The clan is like a lizard, each time it loses its tail, it grows another.
Chinua Achebe, Things Fall Apart.
These words kept me sane on the days I nearly lost it. It’s much truer to say for everytime I lost it, I came back, stronger. Every year had it ups and downs, for this year, it seemed the downs were unending at first. The first half of the year might have as well been a thousand years of suffering, tears, heartbreak and learning.
I wrote my first professional exams in this half of the year. The preparation time was the most trying part of my life in medical school. I fought with myself greatly, I broke down into a million and one pieces and I was so melodramatic. There were days when I stared at my voluminous academic workload and tears rolled down my cheeks. How about the days I was sullen and would talk to no one because I was overwhelmed. Those days aren’t left out, they were the climax of this half of the year.

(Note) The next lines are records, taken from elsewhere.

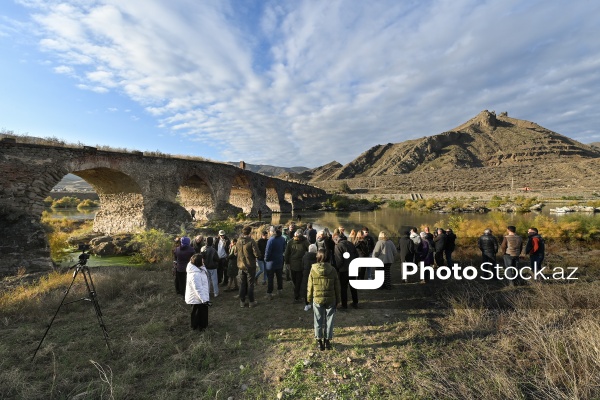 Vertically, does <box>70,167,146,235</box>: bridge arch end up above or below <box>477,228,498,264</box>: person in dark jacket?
above

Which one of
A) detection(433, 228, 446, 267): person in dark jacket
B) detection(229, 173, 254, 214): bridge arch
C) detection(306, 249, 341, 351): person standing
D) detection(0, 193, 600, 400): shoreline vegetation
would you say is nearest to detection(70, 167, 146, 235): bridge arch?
detection(0, 193, 600, 400): shoreline vegetation

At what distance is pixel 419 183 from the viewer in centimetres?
7275

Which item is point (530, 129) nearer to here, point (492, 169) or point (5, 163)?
point (492, 169)

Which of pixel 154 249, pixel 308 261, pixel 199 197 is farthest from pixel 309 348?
pixel 199 197

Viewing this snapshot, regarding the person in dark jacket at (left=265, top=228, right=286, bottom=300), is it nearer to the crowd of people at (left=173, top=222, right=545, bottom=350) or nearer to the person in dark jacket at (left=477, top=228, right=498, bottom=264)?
the crowd of people at (left=173, top=222, right=545, bottom=350)

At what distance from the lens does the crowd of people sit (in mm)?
4645

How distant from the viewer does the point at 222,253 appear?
7719mm

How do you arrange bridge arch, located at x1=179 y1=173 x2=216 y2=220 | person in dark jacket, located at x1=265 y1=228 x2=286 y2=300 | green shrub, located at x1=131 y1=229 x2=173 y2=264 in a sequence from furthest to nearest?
bridge arch, located at x1=179 y1=173 x2=216 y2=220
green shrub, located at x1=131 y1=229 x2=173 y2=264
person in dark jacket, located at x1=265 y1=228 x2=286 y2=300

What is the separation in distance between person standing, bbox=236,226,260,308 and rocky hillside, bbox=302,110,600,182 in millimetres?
95312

The first rains of genuine joy fell early June. They fell in the form of my first professional MBBS/BDS results. I passed! I knew boundless happiness. It’s one of the happiest moments of my life this year. I intend to do it again next year.
The world is not a pleasant place
to be without someone to hold and be held by… .
Nikki Giovanni, The World Is Not A Pleasant Place To Be.
The latter part of the year would undoubtedly be my best not because it was without its own trouble but because as Nikki Giovanni rightly implies, grief shared with the ones you love, that love you too, are lightweights and can’t kill one.
I started this latter half with healing all the parts of me that were broken. It was difficult because I had to make tough decisions, one of which was contesting for an elected position. I was undecided till few weeks to the election. Another lie, I wasn’t undecided, I just didn’t declare my intentions on time. It was the metamorphic time of my life this year. The electioneering process changed me. I grew an uncanny trait for quick decision-making and trusting my intuition. This would come in handy in future, if it hasn’t. I did win my first contested election.
I want to be happy, forever because I deserve it.
Divine Amaewhule Chimmakwa, 2021.
The latter months of the latter half of the year brought me weightlessness, lightness in spirit and a new kind of joy. It is something more than the frantic excitement that fills little children when they blow up fireworks. It supercedes the joy of chasing beautiful butterflies or feeling butterflies in your stomach. It’s peace of mind, and love. This year came with a torrent of emotions, I am particularly pleased that peace, happiness and love are the ones I feel now, at the end. Twenty Twenty-One has a happy ending if this is any end. Cheers to another 366 day cycle. Happy new year, dear daughter of Afri-fans, thank you for the best year, yet.